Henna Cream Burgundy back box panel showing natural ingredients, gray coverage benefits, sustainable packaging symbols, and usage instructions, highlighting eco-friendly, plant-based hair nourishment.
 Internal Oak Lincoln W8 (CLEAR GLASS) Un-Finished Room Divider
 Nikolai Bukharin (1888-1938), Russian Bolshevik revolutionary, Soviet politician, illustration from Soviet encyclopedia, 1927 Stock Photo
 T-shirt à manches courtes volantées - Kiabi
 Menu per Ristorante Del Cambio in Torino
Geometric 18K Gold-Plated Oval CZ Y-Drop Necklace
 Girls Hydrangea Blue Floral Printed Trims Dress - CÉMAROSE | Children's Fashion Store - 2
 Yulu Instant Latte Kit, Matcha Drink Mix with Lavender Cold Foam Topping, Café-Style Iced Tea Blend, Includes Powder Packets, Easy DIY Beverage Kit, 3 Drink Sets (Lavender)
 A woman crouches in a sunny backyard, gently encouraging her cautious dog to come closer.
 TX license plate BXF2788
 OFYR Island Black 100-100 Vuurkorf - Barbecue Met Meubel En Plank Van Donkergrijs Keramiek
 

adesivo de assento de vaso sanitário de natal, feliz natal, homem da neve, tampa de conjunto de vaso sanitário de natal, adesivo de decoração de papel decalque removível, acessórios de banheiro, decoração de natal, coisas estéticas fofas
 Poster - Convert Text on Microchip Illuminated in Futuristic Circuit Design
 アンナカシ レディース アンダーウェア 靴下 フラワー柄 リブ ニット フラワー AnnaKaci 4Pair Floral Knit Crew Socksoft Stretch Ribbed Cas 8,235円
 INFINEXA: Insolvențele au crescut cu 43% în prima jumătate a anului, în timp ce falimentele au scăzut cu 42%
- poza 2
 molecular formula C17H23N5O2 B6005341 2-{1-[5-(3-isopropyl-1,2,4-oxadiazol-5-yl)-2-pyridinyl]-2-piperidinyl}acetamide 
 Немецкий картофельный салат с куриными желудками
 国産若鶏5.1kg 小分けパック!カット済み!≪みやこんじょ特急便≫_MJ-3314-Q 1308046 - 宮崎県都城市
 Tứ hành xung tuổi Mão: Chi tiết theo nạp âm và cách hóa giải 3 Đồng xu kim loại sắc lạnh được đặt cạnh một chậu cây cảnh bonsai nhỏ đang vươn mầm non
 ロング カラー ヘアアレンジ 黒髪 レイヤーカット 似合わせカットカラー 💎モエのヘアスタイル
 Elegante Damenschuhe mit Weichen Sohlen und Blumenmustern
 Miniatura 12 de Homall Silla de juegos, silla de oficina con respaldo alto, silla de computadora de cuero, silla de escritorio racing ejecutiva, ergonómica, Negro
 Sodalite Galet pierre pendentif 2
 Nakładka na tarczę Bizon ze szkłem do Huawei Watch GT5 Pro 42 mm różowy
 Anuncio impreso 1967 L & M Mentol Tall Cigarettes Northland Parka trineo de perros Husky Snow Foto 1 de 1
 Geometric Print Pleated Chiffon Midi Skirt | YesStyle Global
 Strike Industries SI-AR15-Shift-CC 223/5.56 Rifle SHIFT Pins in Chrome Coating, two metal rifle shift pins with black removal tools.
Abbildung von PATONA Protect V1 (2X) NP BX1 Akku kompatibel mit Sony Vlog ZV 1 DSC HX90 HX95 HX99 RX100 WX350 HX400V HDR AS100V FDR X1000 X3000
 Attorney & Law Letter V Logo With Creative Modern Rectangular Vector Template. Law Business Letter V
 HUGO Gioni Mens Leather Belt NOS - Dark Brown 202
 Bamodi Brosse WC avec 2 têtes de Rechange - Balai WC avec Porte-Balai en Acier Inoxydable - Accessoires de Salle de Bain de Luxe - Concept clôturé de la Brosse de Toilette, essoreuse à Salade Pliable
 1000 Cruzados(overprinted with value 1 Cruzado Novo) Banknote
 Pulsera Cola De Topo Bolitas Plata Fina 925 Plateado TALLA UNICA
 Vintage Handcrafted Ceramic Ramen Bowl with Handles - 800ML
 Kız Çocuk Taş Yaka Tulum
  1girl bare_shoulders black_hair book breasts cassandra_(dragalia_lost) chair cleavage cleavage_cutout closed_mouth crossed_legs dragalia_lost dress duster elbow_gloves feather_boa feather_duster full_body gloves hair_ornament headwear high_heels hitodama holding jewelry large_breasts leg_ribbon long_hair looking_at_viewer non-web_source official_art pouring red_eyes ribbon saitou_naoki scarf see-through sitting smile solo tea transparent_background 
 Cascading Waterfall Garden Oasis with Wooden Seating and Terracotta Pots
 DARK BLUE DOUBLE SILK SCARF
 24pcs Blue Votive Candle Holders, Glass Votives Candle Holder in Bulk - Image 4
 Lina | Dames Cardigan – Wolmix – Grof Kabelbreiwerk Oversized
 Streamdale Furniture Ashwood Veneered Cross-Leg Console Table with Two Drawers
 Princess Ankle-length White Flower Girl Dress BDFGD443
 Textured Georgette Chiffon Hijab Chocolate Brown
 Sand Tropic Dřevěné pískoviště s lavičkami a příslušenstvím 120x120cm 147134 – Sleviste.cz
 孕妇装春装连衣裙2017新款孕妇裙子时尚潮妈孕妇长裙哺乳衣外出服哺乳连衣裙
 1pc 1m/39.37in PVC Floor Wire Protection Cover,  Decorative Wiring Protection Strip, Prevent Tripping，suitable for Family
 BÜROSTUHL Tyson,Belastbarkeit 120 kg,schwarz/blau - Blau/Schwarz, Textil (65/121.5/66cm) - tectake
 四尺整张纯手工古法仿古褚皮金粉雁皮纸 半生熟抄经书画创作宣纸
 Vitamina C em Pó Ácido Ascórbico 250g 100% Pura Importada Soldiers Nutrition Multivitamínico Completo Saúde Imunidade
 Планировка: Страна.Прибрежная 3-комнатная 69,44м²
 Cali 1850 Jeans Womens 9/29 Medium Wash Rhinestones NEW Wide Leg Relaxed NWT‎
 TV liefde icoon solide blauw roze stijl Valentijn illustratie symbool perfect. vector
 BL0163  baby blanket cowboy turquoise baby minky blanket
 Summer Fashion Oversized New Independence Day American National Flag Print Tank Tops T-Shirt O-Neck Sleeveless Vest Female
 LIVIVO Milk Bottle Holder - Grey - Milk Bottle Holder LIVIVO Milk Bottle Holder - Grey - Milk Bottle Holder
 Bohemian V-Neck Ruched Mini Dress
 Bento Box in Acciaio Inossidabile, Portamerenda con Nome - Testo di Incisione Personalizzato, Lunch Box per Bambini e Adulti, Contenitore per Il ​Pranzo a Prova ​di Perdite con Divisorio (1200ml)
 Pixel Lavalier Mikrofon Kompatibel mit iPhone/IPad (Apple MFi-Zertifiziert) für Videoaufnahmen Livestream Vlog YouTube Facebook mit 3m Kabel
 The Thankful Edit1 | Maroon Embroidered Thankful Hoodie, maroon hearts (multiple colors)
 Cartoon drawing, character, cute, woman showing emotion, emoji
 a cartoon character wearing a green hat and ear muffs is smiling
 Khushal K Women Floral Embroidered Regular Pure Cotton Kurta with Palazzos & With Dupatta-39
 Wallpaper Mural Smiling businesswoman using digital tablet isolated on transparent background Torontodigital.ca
---------------
Work to complete:
Could all of the entries be retyped word for word?

Response area:
Henna Cream Burgundy back box panel showing natural ingredients, gray coverage benefits, sustainable packaging symbols, and usage instructions, highlighting eco-friendly, plant-based hair nourishment.
 Internal Oak Lincoln W8 (CLEAR GLASS) Un-Finished Room Divider
 Nikolai Bukharin (1888-1938), Russian Bolshevik revolutionary, Soviet politician, illustration from Soviet encyclopedia, 1927 Stock Photo
 T-shirt à manches courtes volantées - Kiabi
 Menu per Ristorante Del Cambio in Torino
Geometric 18K Gold-Plated Oval CZ Y-Drop Necklace
 Girls Hydrangea Blue Floral Printed Trims Dress - CÉMAROSE | Children's Fashion Store - 2
 Yulu Instant Latte Kit, Matcha Drink Mix with Lavender Cold Foam Topping, Café-Style Iced Tea Blend, Includes Powder Packets, Easy DIY Beverage Kit, 3 Drink Sets (Lavender)
 A woman crouches in a sunny backyard, gently encouraging her cautious dog to come closer.
 TX license plate BXF2788
 OFYR Island Black 100-100 Vuurkorf - Barbecue Met Meubel En Plank Van Donkergrijs Keramiek
 

adesivo de assento de vaso sanitário de natal, feliz natal, homem da neve, tampa de conjunto de vaso sanitário de natal, adesivo de decoração de papel decalque removível, acessórios de banheiro, decoração de natal, coisas estéticas fofas
 Poster - Convert Text on Microchip Illuminated in Futuristic Circuit Design
 アンナカシ レディース アンダーウェア 靴下 フラワー柄 リブ ニット フラワー AnnaKaci 4Pair Floral Knit Crew Socksoft Stretch Ribbed Cas 8,235円
 INFINEXA: Insolvențele au crescut cu 43% în prima jumătate a anului, în timp ce falimentele au scăzut cu 42%
- poza 2
 molecular formula C17H23N5O2 B6005341 2-{1-[5-(3-isopropyl-1,2,4-oxadiazol-5-yl)-2-pyridinyl]-2-piperidinyl}acetamide 
 Немецкий картофельный салат с куриными желудками
 国産若鶏5.1kg 小分けパック!カット済み!≪みやこんじょ特急便≫_MJ-3314-Q 1308046 - 宮崎県都城市
 Tứ hành xung tuổi Mão: Chi tiết theo nạp âm và cách hóa giải 3 Đồng xu kim loại sắc lạnh được đặt cạnh một chậu cây cảnh bonsai nhỏ đang vươn mầm non
 ロング カラー ヘアアレンジ 黒髪 レイヤーカット 似合わせカットカラー 💎モエのヘアスタイル
 Elegante Damenschuhe mit Weichen Sohlen und Blumenmustern
 Miniatura 12 de Homall Silla de juegos, silla de oficina con respaldo alto, silla de computadora de cuero, silla de escritorio racing ejecutiva, ergonómica, Negro
 Sodalite Galet pierre pendentif 2
 Nakładka na tarczę Bizon ze szkłem do Huawei Watch GT5 Pro 42 mm różowy
 Anuncio impreso 1967 L & M Mentol Tall Cigarettes Northland Parka trineo de perros Husky Snow Foto 1 de 1
 Geometric Print Pleated Chiffon Midi Skirt | YesStyle Global
 Strike Industries SI-AR15-Shift-CC 223/5.56 Rifle SHIFT Pins in Chrome Coating, two metal rifle shift pins with black removal tools.
Abbildung von PATONA Protect V1 (2X) NP BX1 Akku kompatibel mit Sony Vlog ZV 1 DSC HX90 HX95 HX99 RX100 WX350 HX400V HDR AS100V FDR X1000 X3000
 Attorney & Law Letter V Logo With Creative Modern Rectangular Vector Template. Law Business Letter V
 HUGO Gioni Mens Leather Belt NOS - Dark Brown 202
 Bamodi Brosse WC avec 2 têtes de Rechange - Balai WC avec Porte-Balai en Acier Inoxydable - Accessoires de Salle de Bain de Luxe - Concept clôturé de la Brosse de Toilette, essoreuse à Salade Pliable
 1000 Cruzados(overprinted with value 1 Cruzado Novo) Banknote
 Pulsera Cola De Topo Bolitas Plata Fina 925 Plateado TALLA UNICA
 Vintage Handcrafted Ceramic Ramen Bowl with Handles - 800ML
 Kız Çocuk Taş Yaka Tulum
  1girl bare_shoulders black_hair book breasts cassandra_(dragalia_lost) chair cleavage cleavage_cutout closed_mouth crossed_legs dragalia_lost dress duster elbow_gloves feather_boa feather_duster full_body gloves hair_ornament headwear high_heels hitodama holding jewelry large_breasts leg_ribbon long_hair looking_at_viewer non-web_source official_art pouring red_eyes ribbon saitou_naoki scarf see-through sitting smile solo tea transparent_background 
 Cascading Waterfall Garden Oasis with Wooden Seating and Terracotta Pots
 DARK BLUE DOUBLE SILK SCARF
 24pcs Blue Votive Candle Holders, Glass Votives Candle Holder in Bulk - Image 4
 Lina | Dames Cardigan – Wolmix – Grof Kabelbreiwerk Oversized
 Streamdale Furniture Ashwood Veneered Cross-Leg Console Table with Two Drawers
 Princess Ankle-length White Flower Girl Dress BDFGD443
 Textured Georgette Chiffon Hijab Chocolate Brown
 Sand Tropic Dřevěné pískoviště s lavičkami a příslušenstvím 120x120cm 147134 – Sleviste.cz
 孕妇装春装连衣裙2017新款孕妇裙子时尚潮妈孕妇长裙哺乳衣外出服哺乳连衣裙
 1pc 1m/39.37in PVC Floor Wire Protection Cover,  Decorative Wiring Protection Strip, Prevent Tripping，suitable for Family
 BÜROSTUHL Tyson,Belastbarkeit 120 kg,schwarz/blau - Blau/Schwarz, Textil (65/121.5/66cm) - tectake
 四尺整张纯手工古法仿古褚皮金粉雁皮纸 半生熟抄经书画创作宣纸
 Vitamina C em Pó Ácido Ascórbico 250g 100% Pura Importada Soldiers Nutrition Multivitamínico Completo Saúde Imunidade
 Планировка: Страна.Прибрежная 3-комнатная 69,44м²
 Cali 1850 Jeans Womens 9/29 Medium Wash Rhinestones NEW Wide Leg Relaxed NWT‎
 TV liefde icoon solide blauw roze stijl Valentijn illustratie symbool perfect. vector
 BL0163  baby blanket cowboy turquoise baby minky blanket
 Summer Fashion Oversized New Independence Day American National Flag Print Tank Tops T-Shirt O-Neck Sleeveless Vest Female
 LIVIVO Milk Bottle Holder - Grey - Milk Bottle Holder LIVIVO Milk Bottle Holder - Grey - Milk Bottle Holder
 Bohemian V-Neck Ruched Mini Dress
 Bento Box in Acciaio Inossidabile, Portamerenda con Nome - Testo di Incisione Personalizzato, Lunch Box per Bambini e Adulti, Contenitore per Il ​Pranzo a Prova ​di Perdite con Divisorio (1200ml)
 Pixel Lavalier Mikrofon Kompatibel mit iPhone/IPad (Apple MFi-Zertifiziert) für Videoaufnahmen Livestream Vlog YouTube Facebook mit 3m Kabel
 The Thankful Edit1 | Maroon Embroidered Thankful Hoodie, maroon hearts (multiple colors)
 Cartoon drawing, character, cute, woman showing emotion, emoji
 a cartoon character wearing a green hat and ear muffs is smiling
 Khushal K Women Floral Embroidered Regular Pure Cotton Kurta with Palazzos & With Dupatta-39
 Wallpaper Mural Smiling businesswoman using digital tablet isolated on transparent background Torontodigital.ca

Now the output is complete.